### How to complete this task
Copy out each line from the material where the word "important" is found.
--- START ---
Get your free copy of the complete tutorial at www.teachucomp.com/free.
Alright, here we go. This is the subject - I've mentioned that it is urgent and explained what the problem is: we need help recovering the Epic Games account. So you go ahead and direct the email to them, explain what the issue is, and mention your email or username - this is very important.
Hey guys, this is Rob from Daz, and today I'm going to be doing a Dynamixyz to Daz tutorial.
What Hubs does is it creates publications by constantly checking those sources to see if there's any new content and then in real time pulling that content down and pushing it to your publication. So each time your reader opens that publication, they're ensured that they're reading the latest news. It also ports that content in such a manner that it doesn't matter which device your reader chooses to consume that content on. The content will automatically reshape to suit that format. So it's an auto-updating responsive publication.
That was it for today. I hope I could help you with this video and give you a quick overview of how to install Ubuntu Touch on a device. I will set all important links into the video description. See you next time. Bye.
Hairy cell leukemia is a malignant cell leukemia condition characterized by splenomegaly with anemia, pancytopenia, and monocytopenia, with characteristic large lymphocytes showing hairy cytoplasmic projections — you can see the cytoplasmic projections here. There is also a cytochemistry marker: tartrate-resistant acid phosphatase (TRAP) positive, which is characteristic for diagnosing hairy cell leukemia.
--- END ---
### Answer space
Alright, here we go. This is the subject - I've mentioned that it is urgent and explained what the problem is: we need help recovering the Epic Games account. So you go ahead and direct the email to them, explain what the issue is, and mention your email or username - this is very important.
That was it for today. I hope I could help you with this video and give you a quick overview of how to install Ubuntu Touch on a device. I will set all important links into the video description. See you next time. Bye.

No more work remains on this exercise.